Actually, according to one of my favorite characters - Strongbad - you can only use your powers for good or for awesome.  Today, I'm eagerly awaiting a fascinating new machine - my taper bore countersink drill bitts with stop collars.  Kind of sounds like a Red Rider BB gun with a compass in the stock, doesn't it?  And like Ralphie, I have no shortage of people telling me I'll shoot my eye out, in one form or another.  The bitts cost a pretty penny - $90 plus $14 shipping for a set of 4 bitts and other assorted goodies - and like a kid at Christmastime, I'm waiting to rip open the package.

So why are these bitts so important that I'd spend that kind of money on them?  The Jamestown Distributors (quickly becoming my most loved and hated vendor at the same time) website explains it best:

Taper Point Drills were engineered to be used to pre drill the pilot holes for the shank and threaded portion of a wood screw.

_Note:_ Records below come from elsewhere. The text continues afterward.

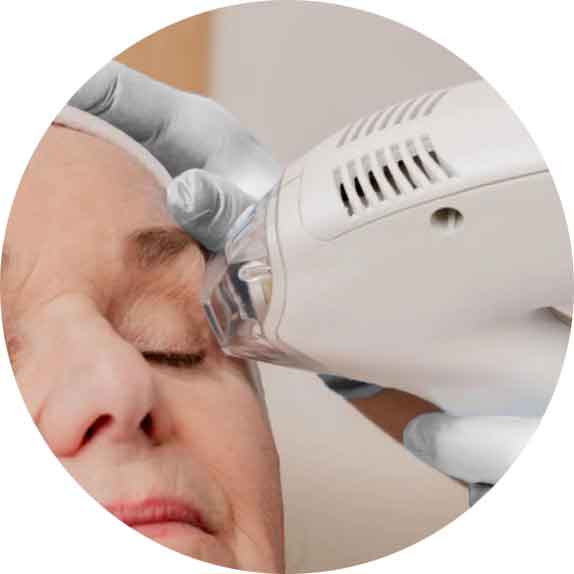Tixmed appareil systeme de rajeunissement thermique fractionné de la peau.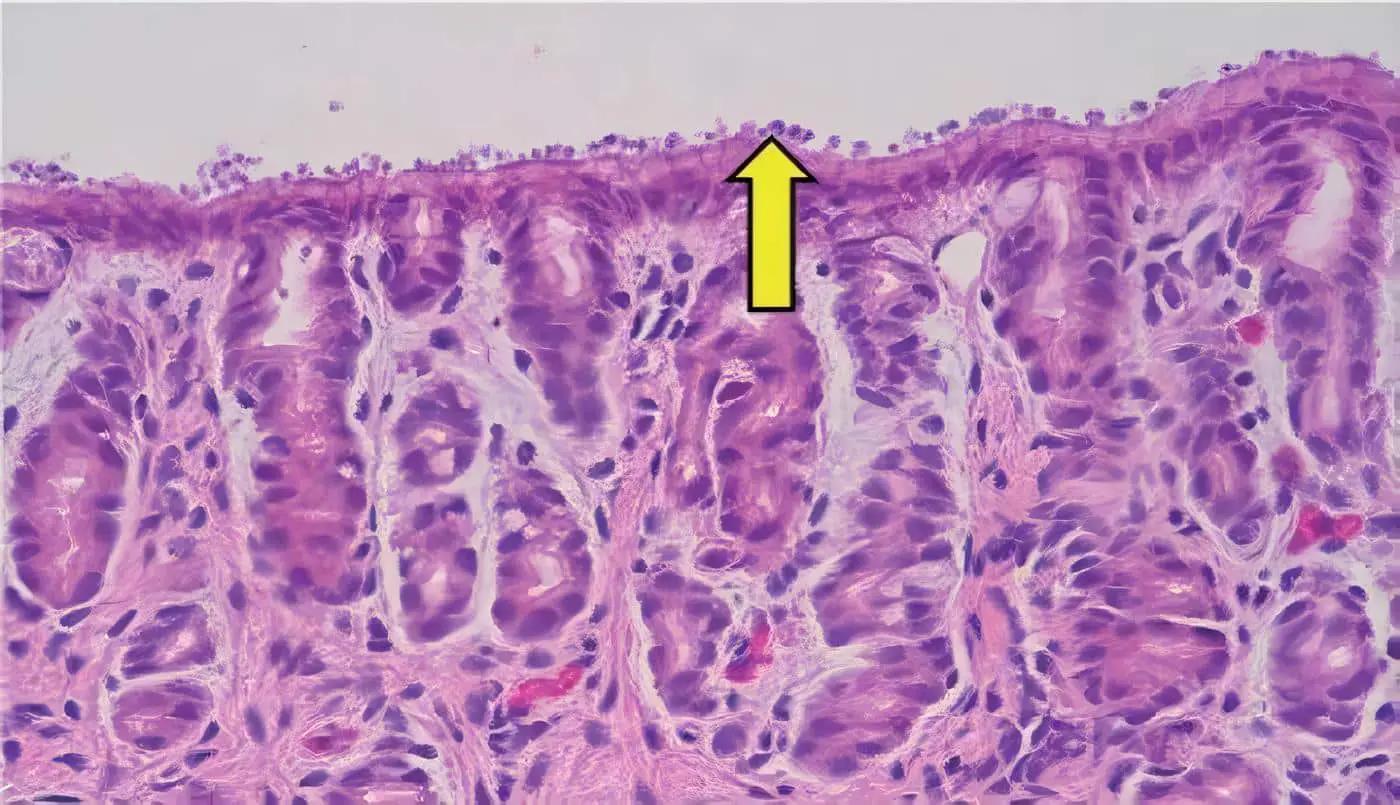 Criptosporidiosis en Niños con Cáncer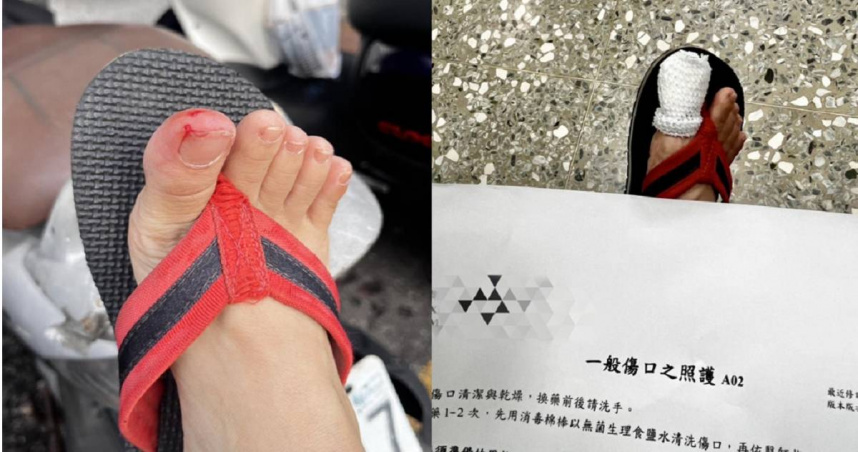 女子逛歸仁黃昏市場時遭老鼠咬傷腳趾頭，當場濺血，隨後就醫包紮並施打破傷風針。（圖／翻攝畫面）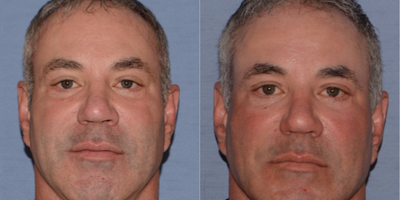 J-Plasma Helium Based Facial Resurfacing - Male J-Plasma facial rejuvenation resurfacing of spots, wrinkles and different pigments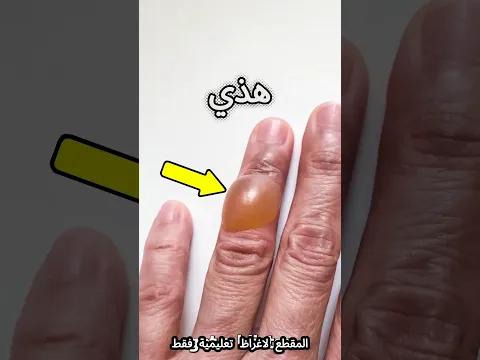 ايش بيصير اذا طلعت لك بالصدفة 😎😎 #shortvideo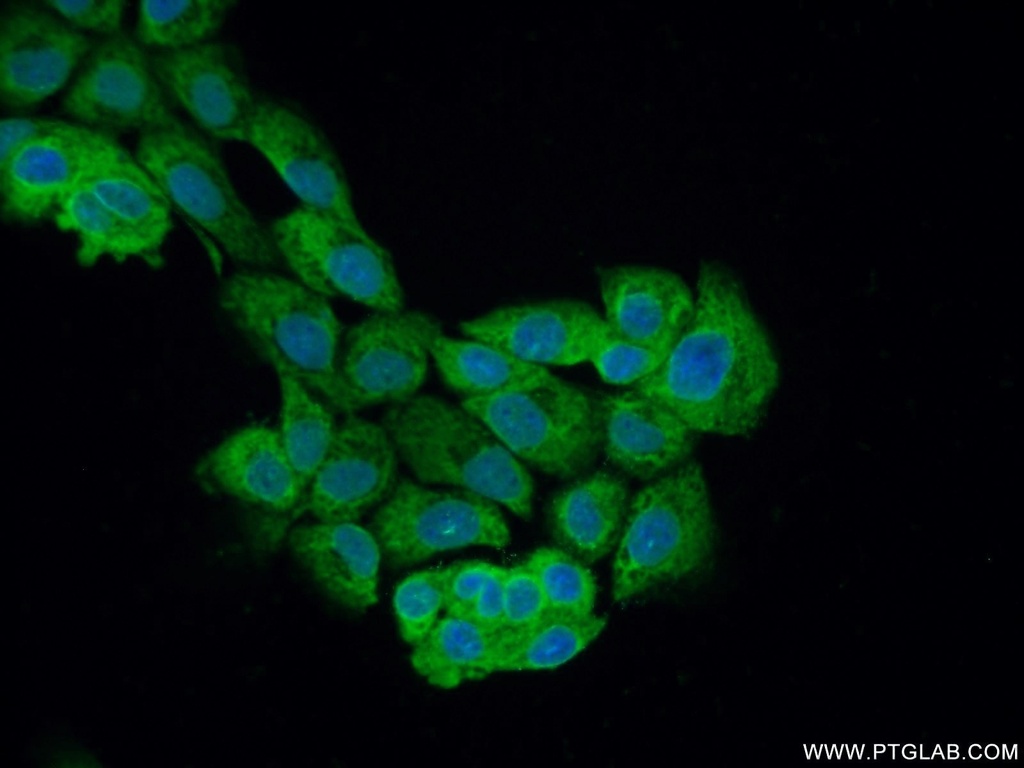 PLEKHO2 Polyclonal antibody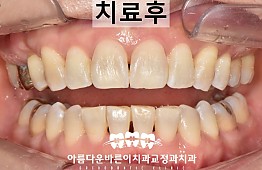 수술후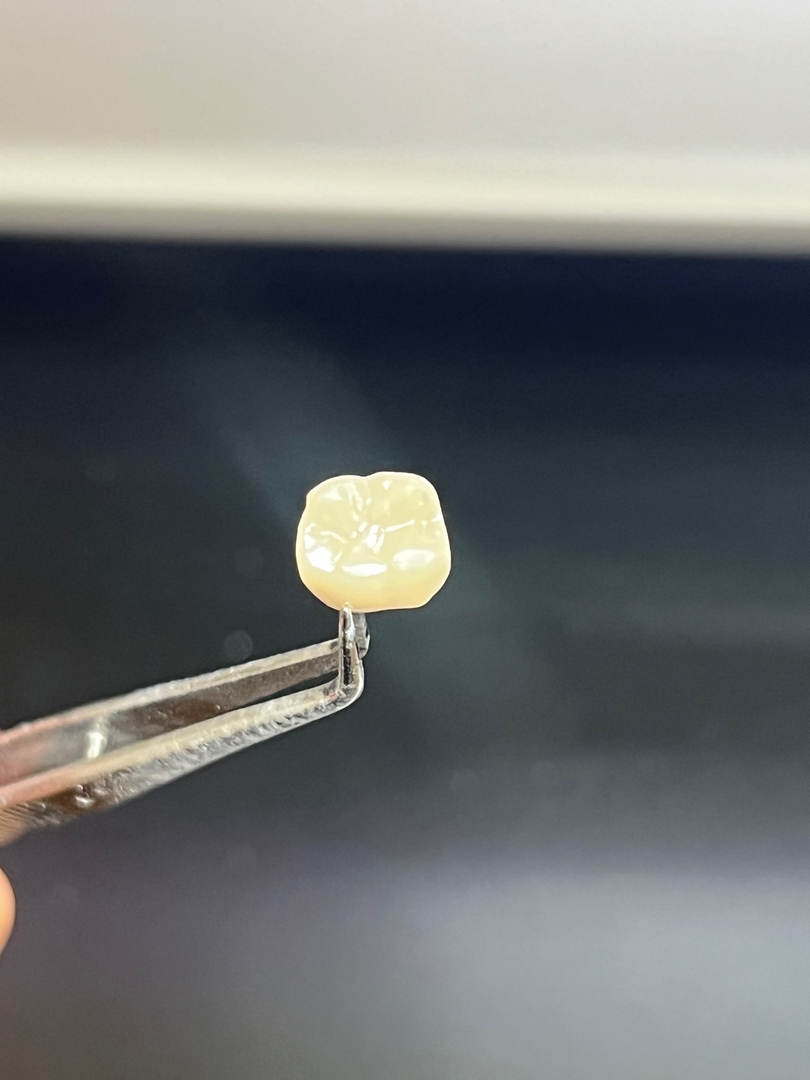 Idaho Family Dental Center - Coeur d Alene, ID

The object, of course, is to use the proper size drills and drill to the proper depth to insure the best holding power from the wood screw. This is critical when the fastened joints have to support a heavy weight or pressure such as when fastening planks to form the hull of a boat. A less critical application would be fastening a wood floor in a house or building cabinets.
Yeah - so take THAT Bob Vila!  Actually it's rather interesting but when you're dealing with something so sensitive as the interface between planking and frames - arguably the connection wherein the boat achieves much of its strength and stiffness - the difference between holes created by a straight drill bitt and a tapered one can be fasteners that begin to work loose on first launching or fasteners that hold fast for 107 years - as some of the originals undoubtedly have.  And when you're playing in that arena - do it right or half ass it - this is one thing that shouldn't be compromised on.  So expensive drill bitts it is!

Now, this doesn't cover the myriad other holes that will need to be drilled in this boat, and in 9 out of 10, the principle conforms to the cartoon above.  When the existing material is sufficiently stalwart or the existing fastener comes out nicely, a smaller hole can be drilled for a smaller fastener.  We'll see prime examples of this in most of the keel, stem and sternpost - where in areas that we have lots of, well, area, to select the placement of fasteners, we can do a good job of distributing the loading over smaller fasteners. 

Other areas, such as the keel alongside the centerboard slot - which was devastated by the use of iron drifts that rusted in seawater to scale twice the size of the original fastener - actually have to be chewed away with a router and replaced wholesale before we can get in there and apply proper fasteners that will hold up to the strain.  Remember the comment about shooting my eye out?  How about being under the boat, upside down, holding a router against the keel chewing out the old mess?  No matter how well my goggles fit, I always seem to end up with sawdust in my eyes.  If done properly, the section I 'chew' out is then replaced with a piece of wood shaped to fit the void - called a 'dutchman' and epoxied in place.  We can then fasten into the dutchman as we would anwhere else on the hull and proceed accordingly.

Needless to say, I am the only 'evil dentist' in the Dockyard - nobody else is going under the hull with a router like that.  Do as I say, not as I do sort of thing.

BT

Wednesday night's and Saturday's working session will be drilling and fastening the frames we've bent into place, and ripping out other frames for replacement.  We also need to plane down more stock, rip into frame blanks and start bending up frames to install 'cold' as soon as the boat is ready for them.  If all goes well, I hope to have frames 10-14 replaced by close of business Sunday.  That will make my graphic a little less dismal, and the boat a hell of a lot stronger.